Race condition in SyncRepGetSyncStandbysPriority

From: Tom Lane <tgl(at)sss(dot)pgh(dot)pa(dot)us>
To: pgsql-hackers(at)lists(dot)postgresql(dot)org
Subject: Race condition in SyncRepGetSyncStandbysPriority
Date: 2020-03-27 01:26:49
Message-ID: 21519.1585272409@sss.pgh.pa.us
Views: Raw Message | Whole Thread | Download mbox | Resend email
Thread:
Lists: pgsql-hackers

Twice in the past month [1][2], buildfarm member hoverfly has managed
to reach the "unreachable" Assert(false) at the end of
SyncRepGetSyncStandbysPriority.

What seems likely to me, after quickly eyeballing the code, is that
hoverfly is hitting the blatantly-obvious race condition in that function.
Namely, that the second loop supposes that the state of the walsender
array hasn't changed since the first loop.

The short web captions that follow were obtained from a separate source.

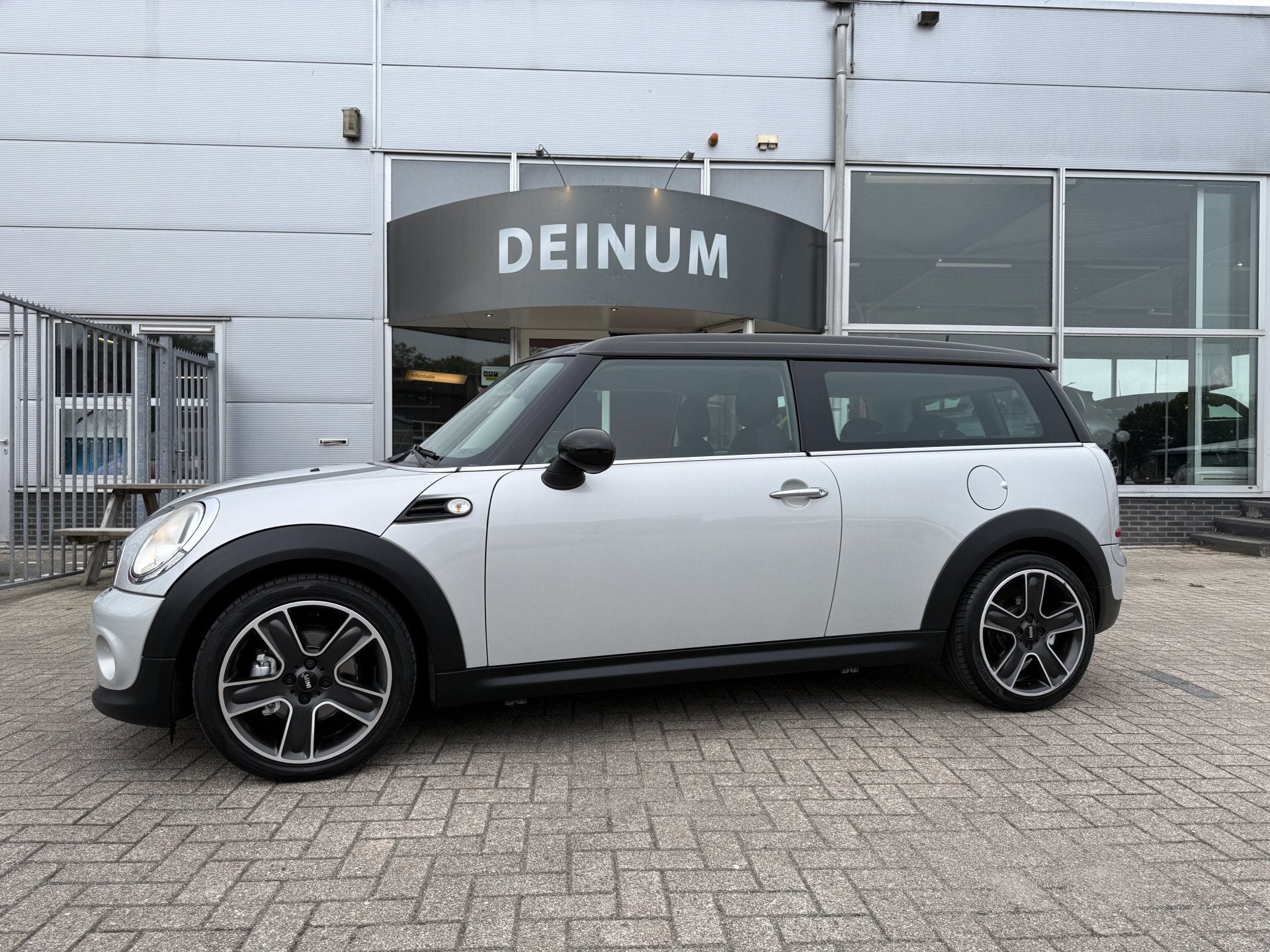MINI Clubman 1.6 One Business Line Cruise.contr, Navigatie,, Auto's, Mini, Euro 5, Gebruikt, 4 cilinders, 4 stoelen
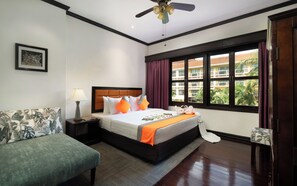 Minibar, escritorio y espacio para trabajar con laptop 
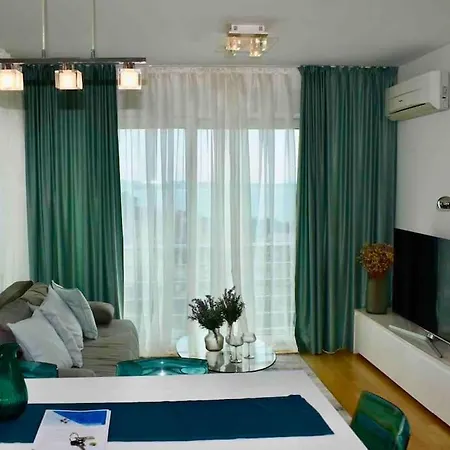 Bubbles Penthouse With Jacuzzi Appartement Podstrana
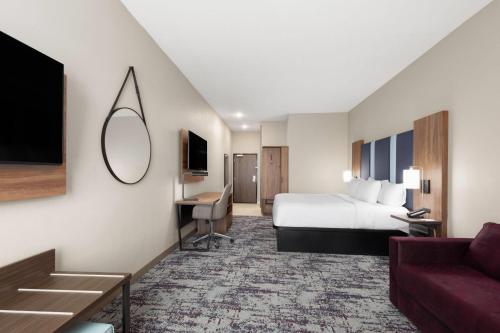 La Quinta Inn & Suites by Wyndham Athens I-65 in 阿森斯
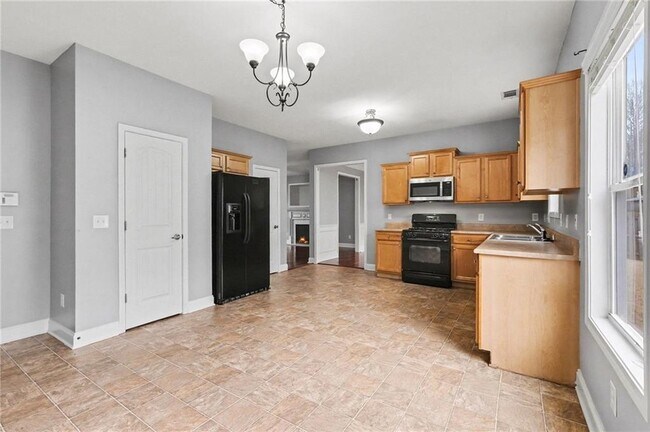 4072 Creekrun Cir in Buford, GA - Foto de edificio - Building Photo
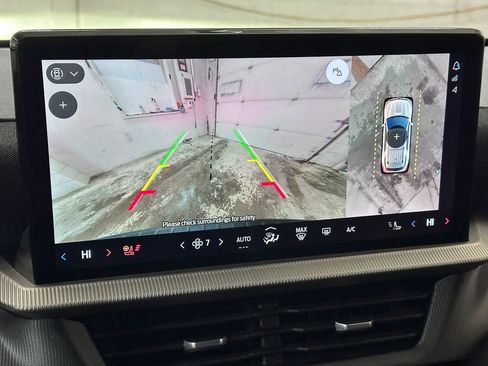 Certified 2025 Ford Explorer ST-Line image 56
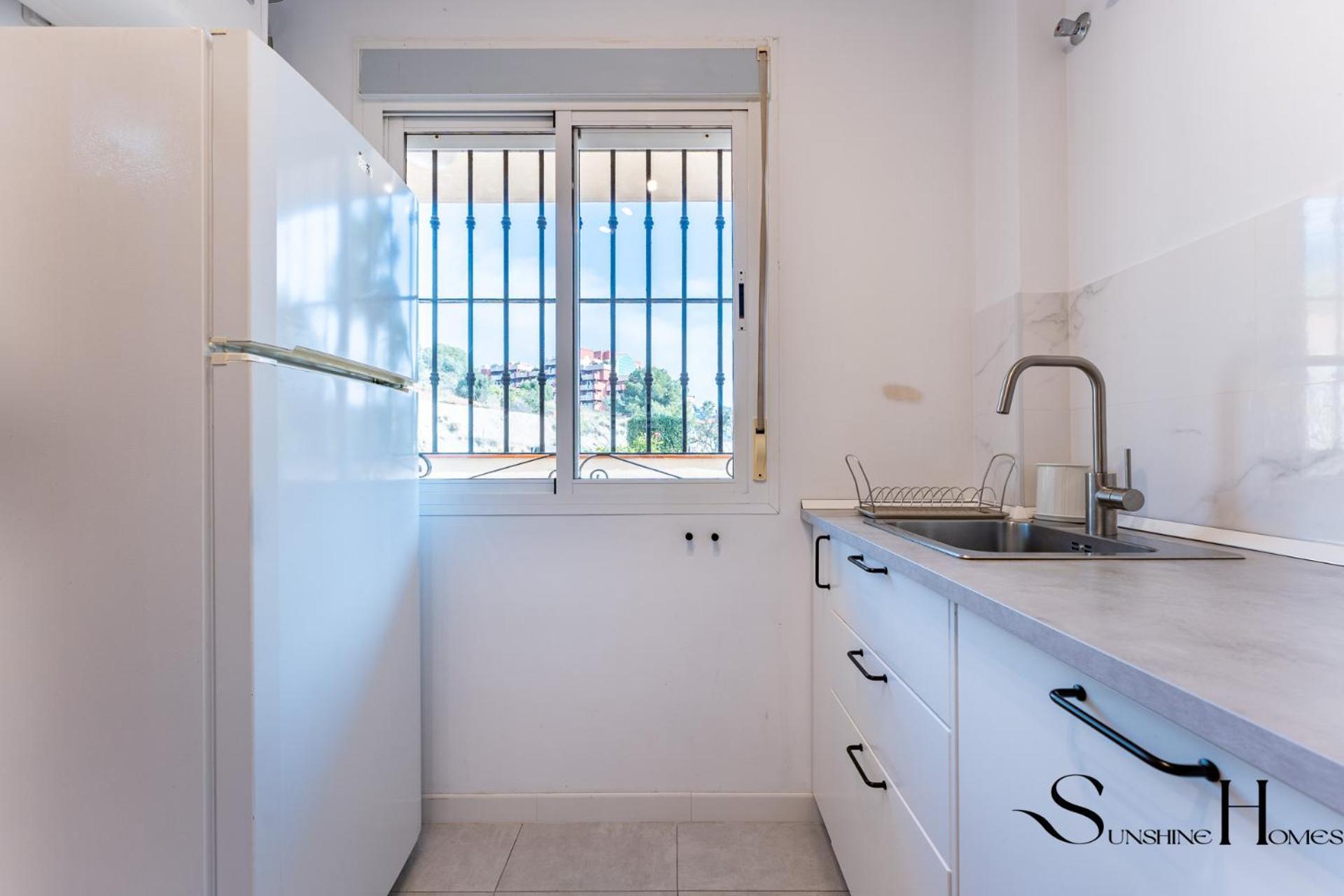 Beachside Retreat With Private Terrace ベナルマデナ エクステリア 写真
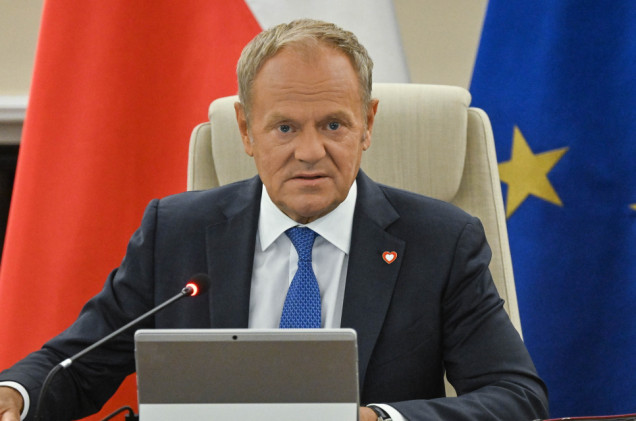 Dron spadł blisko granicy z Polską. Donald Tusk: Bardzo masywna eksplozja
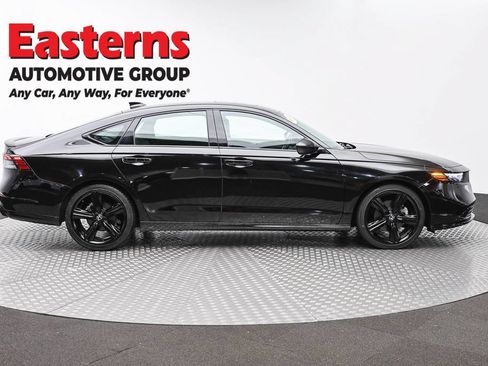 Used 2024 Honda Accord Sport image 4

The minimum fix for this, I suppose, would have the first loop capture
the sync_standby_priority value for each walsender along with what it's
already capturing. But I wonder if the whole function shouldn't be
rewritten from scratch, because it seems like the algorithm is both
expensively brute-force and unintelligible, which is a sad combination.
It's likely that the number of walsenders would never be high enough
that efficiency could matter, but then couldn't we use an algorithm
that is less complicated and more obviously correct? (Because the
alternative conclusion, if you reject the theory that a race is happening,
is that the algorithm is just flat out buggy; something that's not too
easy to disprove either.)

Another fairly dubious thing here is that whether or not *am_sync
gets set depends not only on whether MyWalSnd is claiming to be
synchronous but on how many lower-numbered walsenders are too.
Is that really the right thing?

But worse than any of that is that the return value seems to be
a list of walsender array indexes, meaning that the callers cannot
use it without making even stronger assumptions about the array
contents not having changed since the start of this function.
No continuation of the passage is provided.